There are basically two buckets your engine will fall into: content-based, or collaborative-filtering.
Introducing Content-Based Recommenders
Content-based systems are the ones that your friends and colleagues all assume you are building; using actual item properties like description, title, price, etc, etc. If you had never thought about recommendation systems before, and someone put a gun to your head, Swordfish-style, and forced you to describe one out loud in 30 seconds, you would probably describe a content-based system. "Uhh, uhh, I’d like, show a bunch of products from the same manufacturer that has a similar description."
You’re using the actual attributes of the item itself to recommend similar products. This makes a ton of sense, as it’s how we actually shop in the real world. We go into the Toaster-Oven aisle and look at all the toaster ovens, which are probably physically arranged on the shelf according to brand, or price, or ability to also cook a full turkey in under 30 minutes.
Why This Doesn’t Always Work Well
On most eCommerce sites it’s easy enough for folks to browse the toaster oven category already. What we really want is a recommendation system that drives incremental sales (e.g. sales that would not have happened otherwise). If a customer is looking at the product details page for Harry Potter and the Chamber of Secrets, and your recommended shows Prisoner of Azkaban, and the customer buys it, the data scientists back at Random House HQ should not be high-fiving. It’s a safe bet that that customer already knew there were more than two books in the series and would have bought Prisoner of Azkaban anyway. It was not an incremental sale.

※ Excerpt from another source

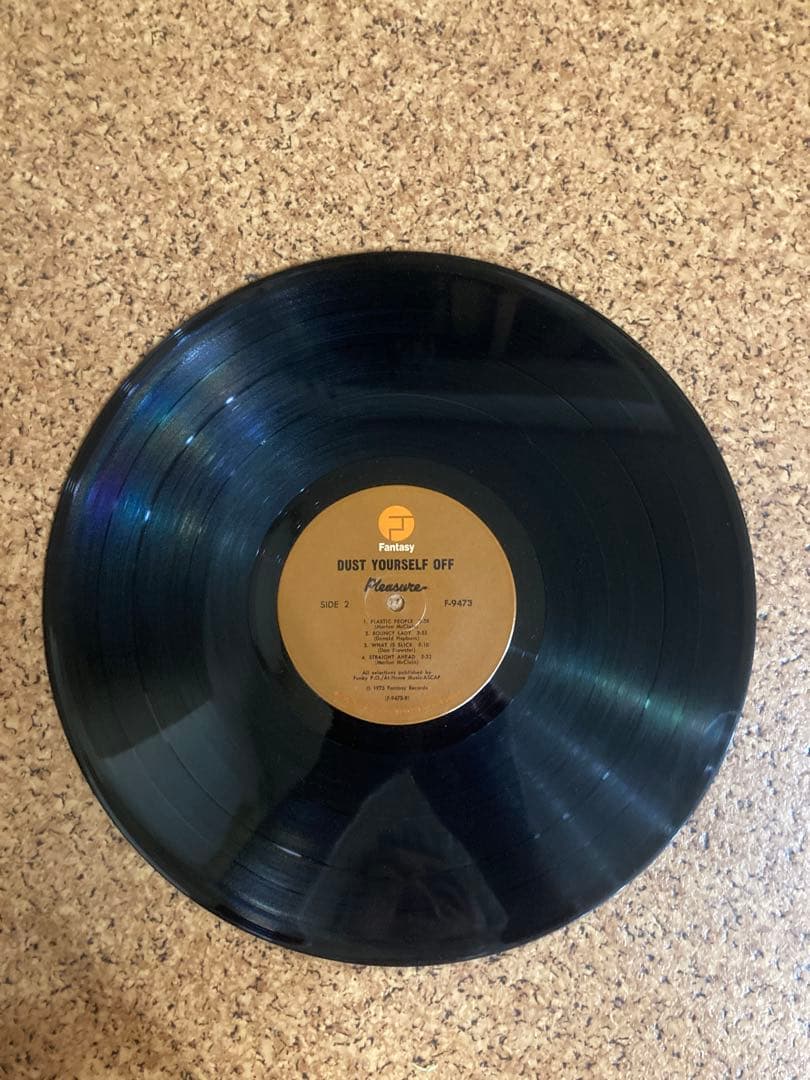 Pleasure Dust Yourself Off レコード レアグルーヴ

Introducing Collaborative Filtering
We need another approach. Enter Collaborative Filtering, or CF. The big idea behind CF is also pretty intuitive; the product someone is most likely to buy, is the product that a bunch of people like you also bought. Sure, this can lead to the Harry Potter situation, but it’s much better at making recommendations from further afield, from deeper in the product catalog. It’s more robust against problems like typos ("Harry Pooter" still gets recommended), and when measured in the real world in terms of generating incremental sales, generally beats the pants off pure content-based systems.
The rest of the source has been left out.